=== GIVEN MATERIAL ===
"""

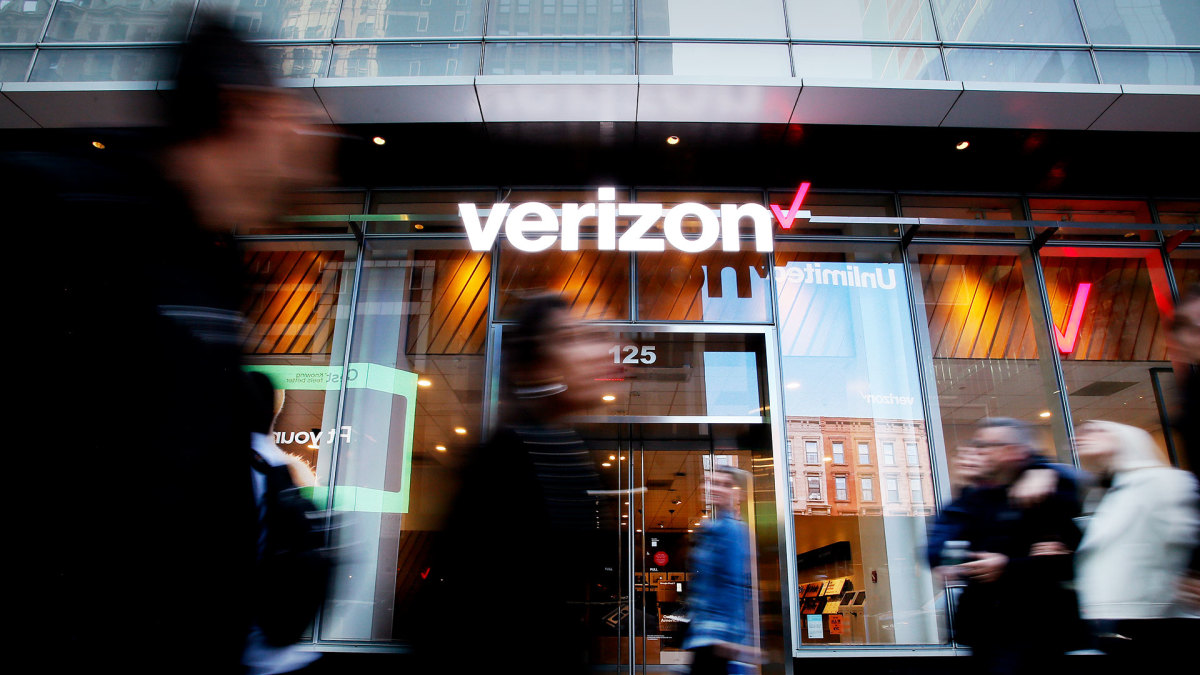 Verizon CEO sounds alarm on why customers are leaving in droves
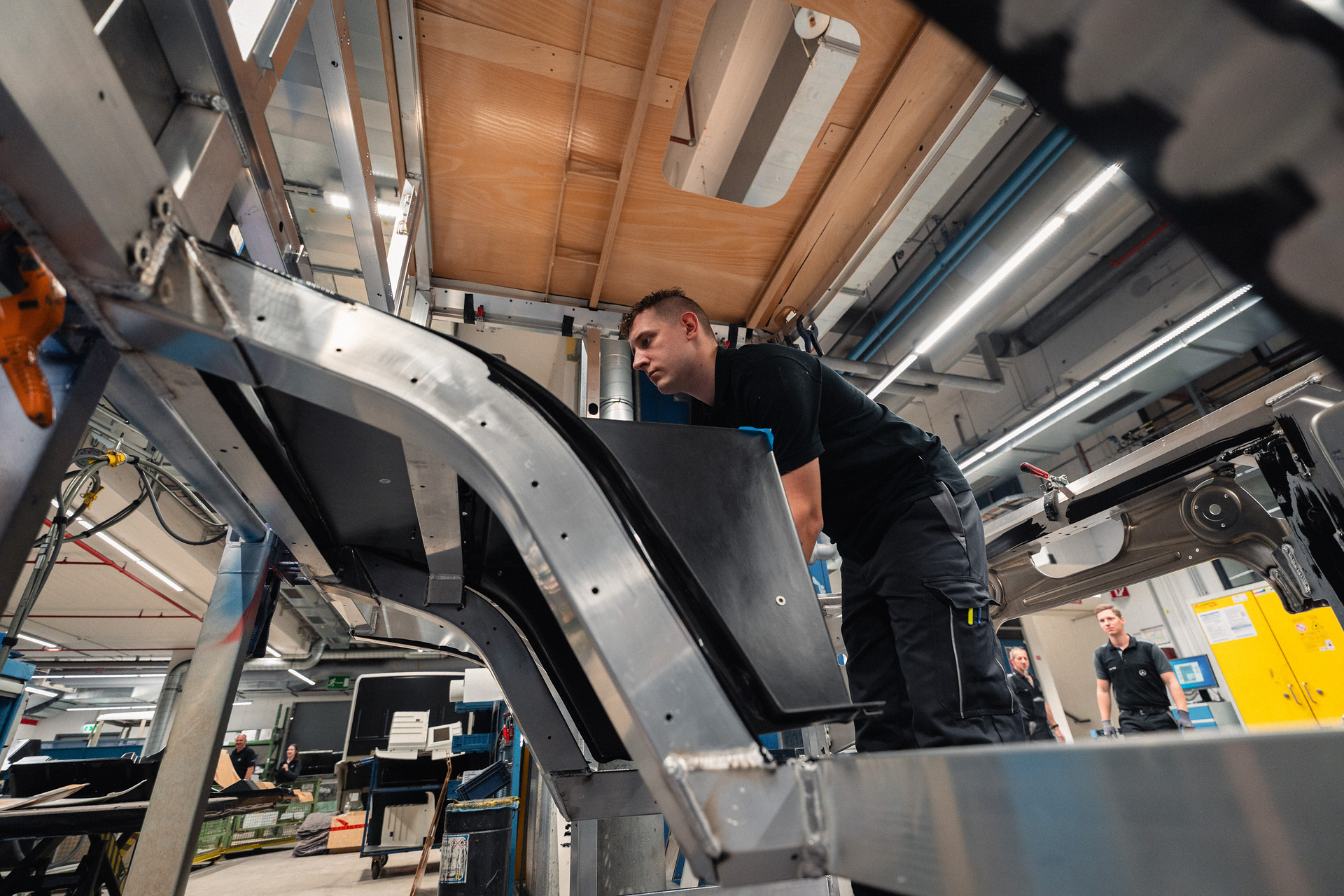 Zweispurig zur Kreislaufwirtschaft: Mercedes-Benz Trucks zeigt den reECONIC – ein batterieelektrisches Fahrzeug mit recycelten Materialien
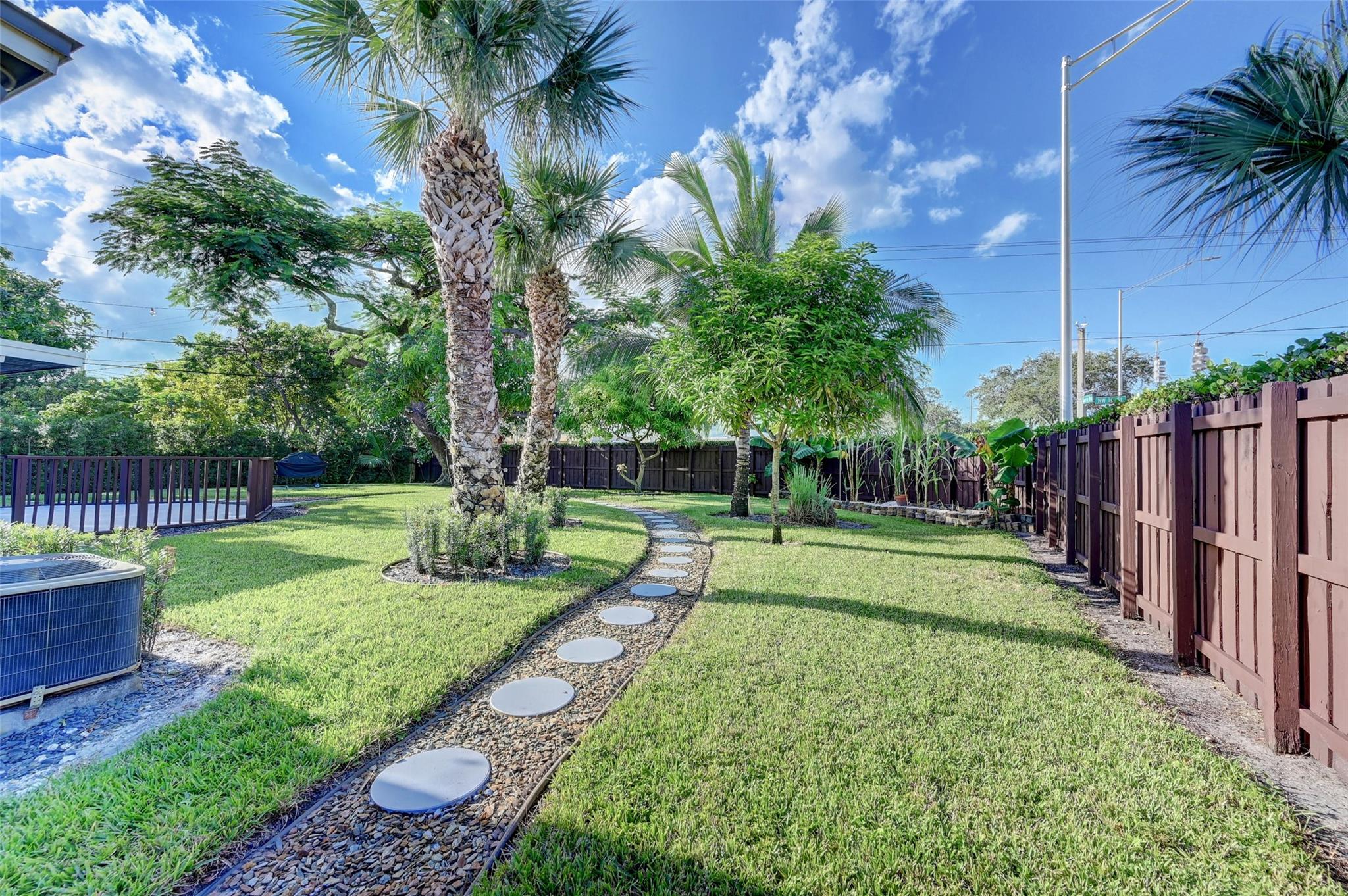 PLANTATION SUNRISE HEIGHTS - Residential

"""

=== WHAT TO PRODUCE ===
Please set down the data above exactly as given, leaving every picture out.

=== TASK RESULT ===
 Verizon CEO sounds alarm on why customers are leaving in droves
 Zweispurig zur Kreislaufwirtschaft: Mercedes-Benz Trucks zeigt den reECONIC – ein batterieelektrisches Fahrzeug mit recycelten Materialien
 PLANTATION SUNRISE HEIGHTS - Residential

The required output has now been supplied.